July 19, 2011, 7:42 PM — It's scary out there in the cloud. Data thieves, hackers, criminals, they're all out there scouring the Internet around the clock for ways to get into your corporate networks so they can steal data from poorly protected businesses.
So how can your enterprise safely use the cloud and what do you need to know about protecting your data and infrastructure from the bad guys? Is it even possible that your business can safely use cloud computing?
None of these are simple questions, says Ara Trembly, principal of The Tech Consultant, an IT consultancy.
The first thing to do is to take a magnifying glass to your business and be totally honest with yourself as you review your organizational processes, security concerns and the value and importance of your business data, Trembly says.
"For some businesses, it will be inadvisable to use the cloud," Trembly says. "A business that uses data as its lifeblood" won't want to put that data out there where it would be more vulnerable. "Insurance companies are one of those businesses, as well as financial institutions, medical centers and doctor's offices."
The problem is that if these kinds of businesses don't have their critical data in-house where they can work to maximize its protection and minimize the risks, then they can't be certain that the security is as good as it needs to be. "It's so easy for HIPAA violations to occur. Not that they're all being prosecuted right now, but they could be,"
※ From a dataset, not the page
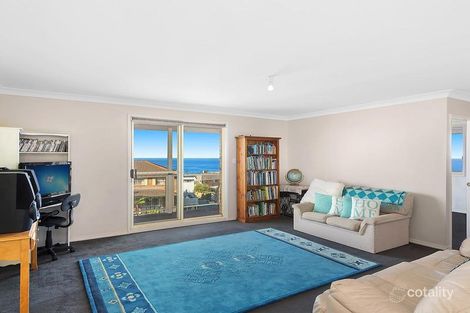 Property photo of 11 Sea Eagle Crescent Caves Beach NSW 2281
Will it ever be possible that enterprises with super-critical data security requirements like these could ever use the cloud, whether public or private? Or will these kinds of security challenges make that impossible?
"At the moment I would say no," Trembly says. "The problem with the cloud and with any online application is that online security is really pretty bad and I don't expect that to improve significantly. And the reason it is so bad is that information is sellable, so if someone steals it, they can sell it. I think that some people do say that these problems will be solved eventually, but I don't think so."
That's the real challenge for data security, he says, because the criminals can stay ahead of the white hats who are working to prevent the intrusions and hacks that occur on a regular basis. "They go after Social Security numbers and anything that allow someone to pose as someone else. Anything collected in the realm of industrial espionage is sellable."